Below is a simplified summary of the formal findings. The chart shows line widths per picture height (LW/PH) which can be taken as a measure of sharpness. If you want to know more about the MTF50 figures, you may check out the corresponding Imatest Explanations

Chromatic Aberrations (CAs)

Lateral CAs vary along the aperture range with a maximum pixel width of 0.75px at the image borders at f/2 - and a little less at smaller aperture settings. Once again, image auto-correction will take care of this without losing image quality.


Sharpness is one thing but if you are in the market for a fast prime lens, you want to use it for its shallow depth-of-field capabilities. We are pleased to report that the quality of the bokeh is just outstanding. Out-of-focus highlights are very smooth with no outlining as you can see below. This is almost surprising because the lens has two aspherical elements. Lower-quality aspherical elements tend to produce onion rings but Sigma's version doesn't fall into this category. The circular shape is mostly maintained at f/2.8 and the more edgy aperture shape creeps in at f/4 here.

The Sigma lens isn't immune to the deterioration of the highlight discs towards the borders/corners but the effect is much less pronounced than on most lenses with just a minimal tendency towards "cat eyes". Technically, stopping down helps to "fix" this. However, the results are still more pleasing at f/2 in our book.
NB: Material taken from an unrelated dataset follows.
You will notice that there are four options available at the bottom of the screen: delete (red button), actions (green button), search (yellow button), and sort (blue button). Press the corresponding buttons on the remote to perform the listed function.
The quality of the general blur in the focus transition zone is great in the background and still very good in the less critical foreground.

Bokeh Fringing / LoCA

Boheh fringing/LoCA is an axial color fringing effect with purplish halos in front of the focus point and greenish beyond. The Sigma lens doesn't feature an APO design (like most lenses), so there's some color fringing present at f/2. It's reduced at f/2.8 and mostly gone from f/4. This can't be easily corrected via post-processing (yet).